Can the Reliance Nippon Life Super Moneyback Plan offer you the perfect blend of savings and protection for your future financial needs?
Can the Reliance Nippon Life Super Moneyback Plan help you secure periodic payouts while ensuring your family’s financial stability?
Can the Reliance Nippon Life Super Moneyback Plan be your go-to solution for meeting both short-term needs and long-term goals effortlessly?
This comprehensive review will explore the features, benefits, drawbacks, and returns of the RNL Super Moneyback Plan, giving you the necessary insights into how it works.
Table of Contents:
What is the RNL Super Moneyback Plan?
What are the features of the RNL Super Moneyback Plan?
Who is eligible for the RNL Super Moneyback Plan?
What are the benefits of the RNL Super Moneyback Plan?
3. Guaranteed Loyalty Additions
4. Guaranteed Maturity Addition
Grace period, Discontinuance and Revival of RNL Super Moneyback Plan
Free Look Period for RNL Super Moneyback Plan
Surrendering RNL Super Moneyback Plan
What are the advantages of the RNL Super Moneyback Plan?
What are the disadvantages of the RNL Super Moneyback Plan?
Research Methodology of RNL Super Moneyback Plan
Benefit Illustration – IRR Analysis of the RNL Super Moneyback Plan
RNL Super Moneyback Plan Vs. Other Investments
RNL Super Moneyback Plan Vs. Pure-term + ELSS
Final Verdict on RNL Super Moneyback Plan
What is the RNL Super Moneyback Plan?
Reliance Nippon Life Super Money Back Plan is a non-linked, non-participating, non-variable, money-back insurance plan.

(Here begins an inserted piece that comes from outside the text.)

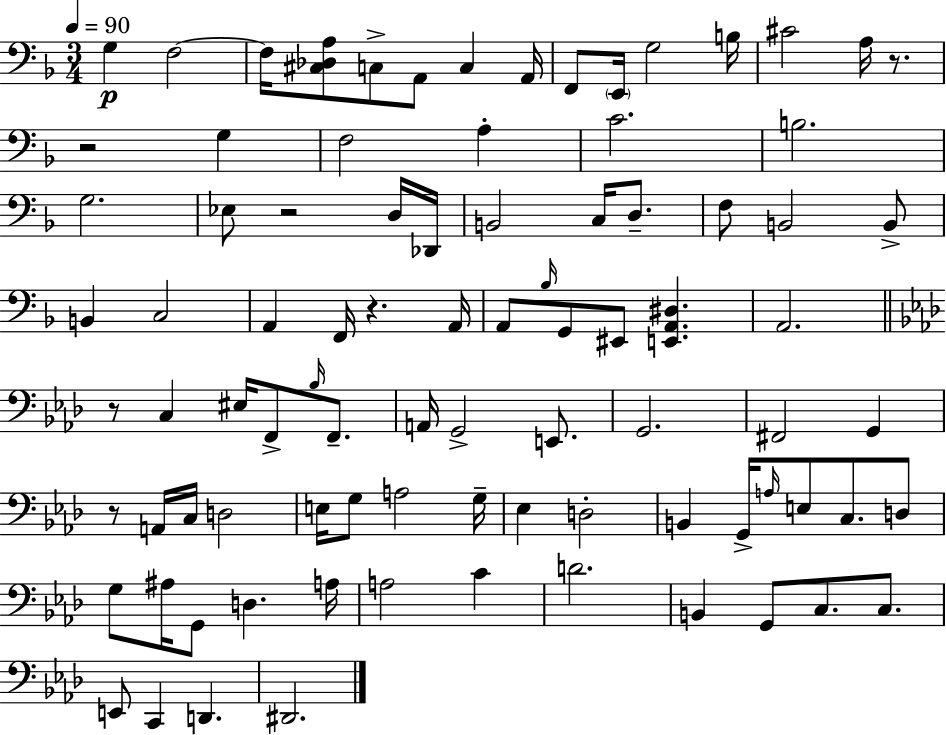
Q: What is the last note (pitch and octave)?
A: D#2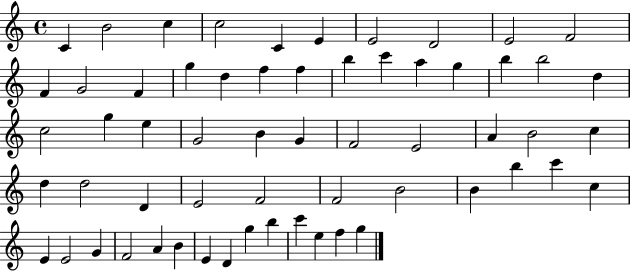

Reliance Nippon Life Super Moneyback Planhelps you provide a regular income and security for your family. The guaranteed monthly income increases every year while you receive the guaranteed periodic lump sums.
What are the features of the RNL Super Moneyback Plan?
- Select amongst Policy Terms of 10/20/30/40/50 years and pay for half of the Policy Term
- Get the benefit of life insurance protection during the entire Policy Term
- Choose to pay premiums yearly, half-yearly, quarterly or monthly
- Guaranteed Loyalty Addition, payable at the end of the Premium Payment Term
- Guaranteed Maturity Addition, payable at the end of the Policy Term
- Moneyback Benefits at the end of every five Policy years till maturity
- Increasing Regular Monthly Payouts payable monthly at the end of the Premium Payment Term
- Enjoy tax benefits on the premiums paid and benefits received, as per applicable income tax laws
Who is eligible for the RNL Super Moneyback Plan?
Minimum | Maximum | |
Age at Entry | Death benefit Option A: 18 years Death benefit option B: 45 years |
55 years |
Age at Maturity | 28 years | 80 years |
Sum Assured | ₹ 1,00,000 | No limit |
Policy term | 10/20/30/40/50 years | |
Premium payment term | Half of the selected policy term | |
Premium payment Mode | Yearly, Half-yearly, Quarterly and Monthly |
What are the benefits of the RNL Super Moneyback Plan?
1.) Moneyback Benefits
Moneyback Benefits as a percentage of the Base Sum Assured will be paid at the end of every five Policy years till maturity, on survival of the Life Assured provided the Policy is in force. The Moneyback Benefits will be paid as per the table below:
End of policy year / Policy term | 10 years | 20 years | 30 years | 40 years | 50 years |
5 | 50.00% | 25.00% | 16.67% | 12.50% | 10.00% |
10 | 50.00% | 25.00% | 16.67% | 12.50% | 10.00% |
15 | NA | 25.00% | 16.67% | 12.50% | 10.00% |
20 | NA | 25.00% | 16.67% | 12.50% | 10.00% |
25 | NA | NA | 16.67% | 12.50% | 10.00% |
30 | NA | NA | 16.67% | 12.50% | 10.00% |
35 | NA | NA | NA | 12.50% | 10.00% |
40 | NA | NA | NA | 12.50% | 10.00% |
45 | NA | NA | NA | NA | 10.00% |
50 | NA | NA | NA | NA | 10.00% |
2.) Regular Monthly Payouts
Regular Monthly Payouts are 1% of Base Sum Assured for the first payout year and will increase by 0.25% at a simple rate in subsequent Policy years.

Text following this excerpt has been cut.